Quantum sensing is a rapidly developing field that utilizes the quantum states of particles, such as superposition, entanglement, and spin states, to detect changes in physical, chemical, or biological systems. A promising type of quantum nanosensor is nanodiamonds (NDs) equipped with nitrogen-vacancy (NV) centers. These centers are created by replacing a carbon atom with nitrogen near a lattice vacancy in a diamond structure.
When excited by light, the NV centers emit photons that maintain stable spin information and are sensitive to external influences like magnetic fields, electric fields, and temperature. Changes in these spin states can be detected using optically detected magnetic resonance (ODMR), which measures fluorescence changes under microwave radiation.
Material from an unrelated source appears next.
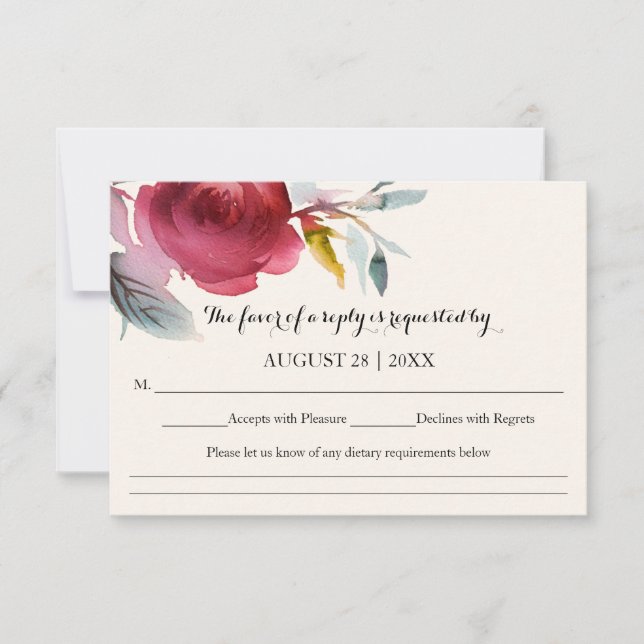 Burgundy Marsala Boho Floral Wedding RSVP Karte (Vorderseite)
In a recent breakthrough, scientists from Okayama University in Japan developed nanodiamond sensors bright enough for bioimaging, with spin properties comparable to those of bulk diamonds. The study, published in ACS Nano, on 16 December 2024, was led by Research Professor Masazumi Fujiwara from Okayama University, in collaboration with Sumitomo Electric Company and the National Institutes for Quantum Science and Technology.
“This is the first demonstration of quantum-grade NDs with exceptionally high-quality spins, a long-awaited breakthrough in the field. These NDs possess properties that have been highly sought after for quantum biosensing and other advanced applications,” says Prof. Fujiwara.
Current ND sensors for bioimaging face two main limitations: high concentrations of spin impurities, which disrupt NV spin states, and surface spin noise, which destabilizes the spin states more rapidly. To overcome these challenges, the researchers focused on producing high-quality diamonds with very few impurities.
They grew single-crystal diamonds enriched with 99.99% 12C carbon atoms and then introduced a controlled amount of nitrogen (30–60 parts per million) to create an NV center with about 1 part per million. The diamonds were crushed into NDs and suspended in water.
The resulting NDs had a mean size of 277 nanometers and contained 0.6–1.3 parts per million of negatively charged NV centers. They displayed strong fluorescence, achieving a photon count rate of 1500 kHz, making them suitable for bioimaging applications.
These NDs also showed enhanced spin properties compared to commercially available larger NDs. They required 10–20 times less microwave power to achieve a 3% ODMR contrast, had reduced peak splitting, and demonstrated significantly longer spin relaxation times (T1 = 0.68 ms, T2 = 3.2 µs), which were 6 to 11 times longer than those of type-Ib NDs.
These improvements indicate that the NDs possess stable quantum states, which can be accurately detected and measured with low microwave radiation, minimizing the risk of microwave-induced toxicity in cells.
To evaluate their potential for biological sensing, the researchers introduced NDs into HeLa cells and measured the spin properties using ODMR experiments. The NDs were bright enough for clear visibility and produced narrow, reliable spectra despite some impact from Brownian motion (random ND movement within cells).
Furthermore, the NDs were capable of detecting small temperature changes. At temperatures around 300 K and 308 K, the NDs exhibited distinct oscillation frequencies, demonstrating a temperature sensitivity of 0.28 K/√Hz, superior to bare type-Ib NDs.
With these advanced sensing capabilities, the sensor has potential for diverse applications, from biological sensing of cells for early disease detection to monitoring battery health and enhancing thermal management and performance for energy-efficient electronic devices.
“These advancements have the potential to transform health care, technology, and environmental management, improving quality of life and providing sustainable solutions for future challenges,” says Prof. Fujiwara.